Adına ne denirse densin ama bu durum artık kesinlikle bir son bulmalıdır. HDP önündeki ÖDP engeli kesinlikle aşılmalıdır. Bunun da en doğru yolu, kuşkusuz ÖDP’nin Mahir Çayan çizgisine girerek günümüzde bu çizginin pratikleşmesi olan HDP birliği içinde yer almasıdır. Yok eğer böyle yapmıyorsa, o zaman kim olduğunu ve kimlere hizmet ettiğini ortaya koymalıdır. Yoksa radikal demokratik hareket bu görevi yapacak ve ÖDP’yi gerçek ifadesine kavuşturmak zorunda kalacaktır.

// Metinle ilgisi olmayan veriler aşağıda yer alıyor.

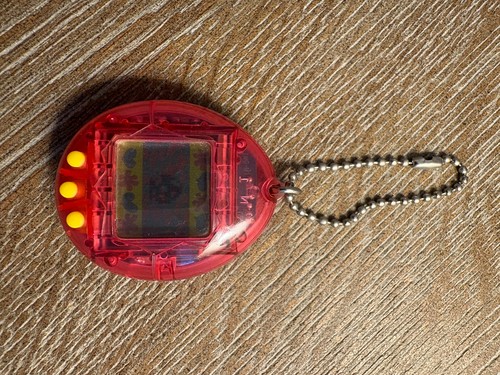 Rare vintage 1997 tamagotchi - vintage,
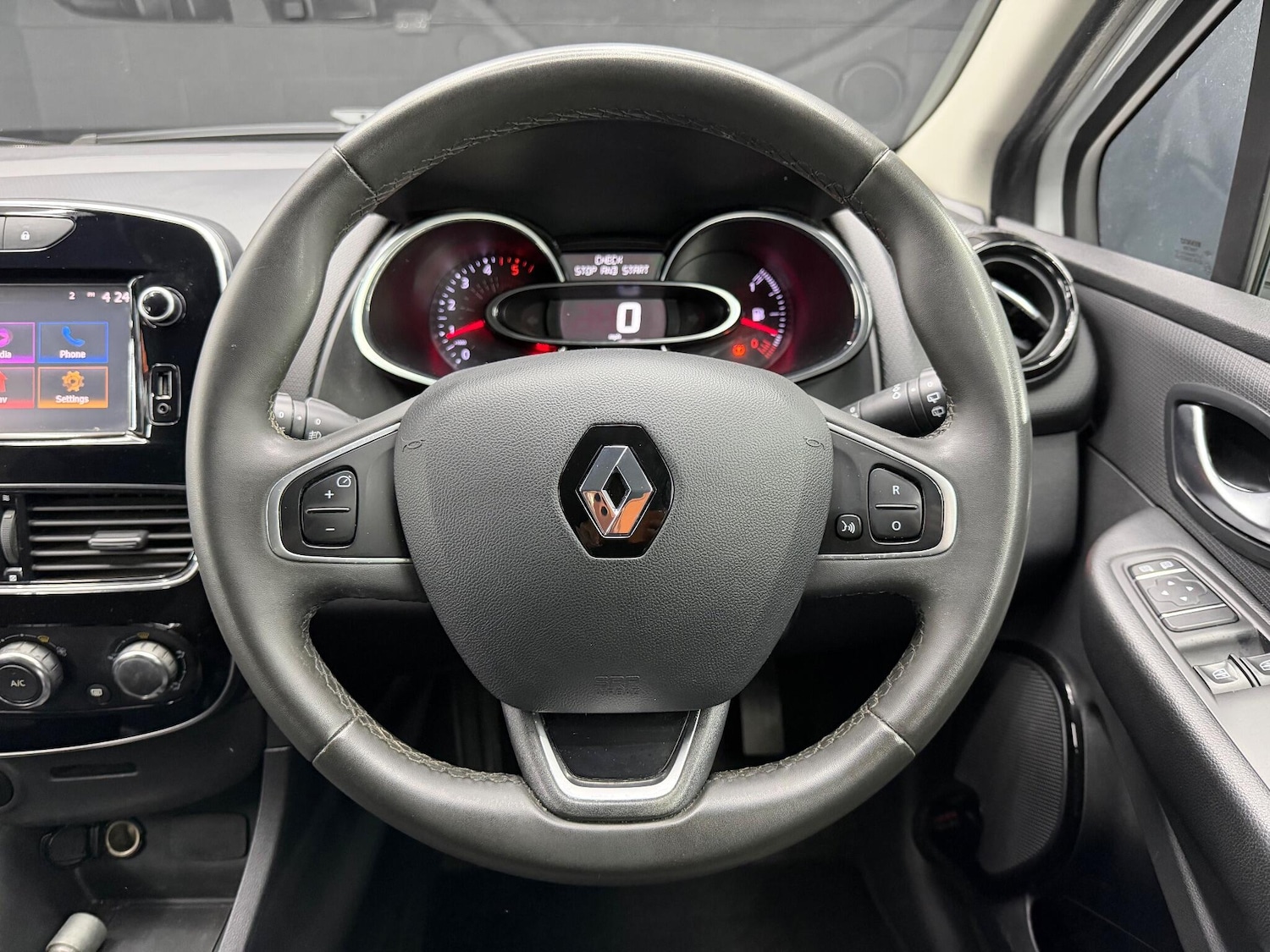 Used Renault Clio 2018 for sale - 77143466: Photo 38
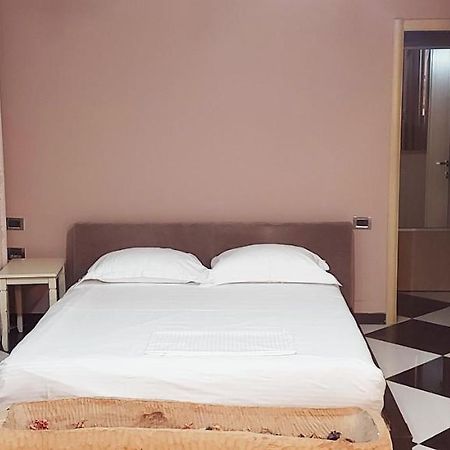 Lovely Apartment In Heart Of تيرانا المظهر الخارجي الصورة
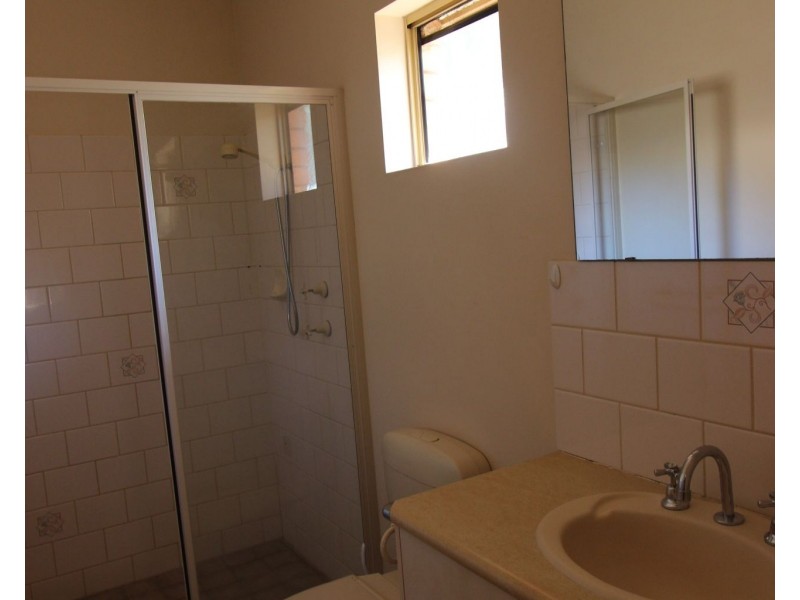 8F Wedge Place, Millars Well WA 6714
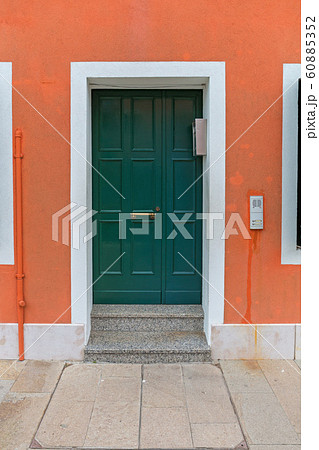 Green Door Green Door 60885352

Bu temelde idam edilişlerinin kırk ikinci yıldönümünde büyük devrimci önderler Deniz Gezmiş, Yusuf Aslan ve Hüseyin İnan’ı saygıyla anıyor, tüm devrimci-demokratik güçleri Mahir Çayan çizgisinde birleşmeye ve güçlü bir demokratik alternatif yaratmaya çağırıyoruz!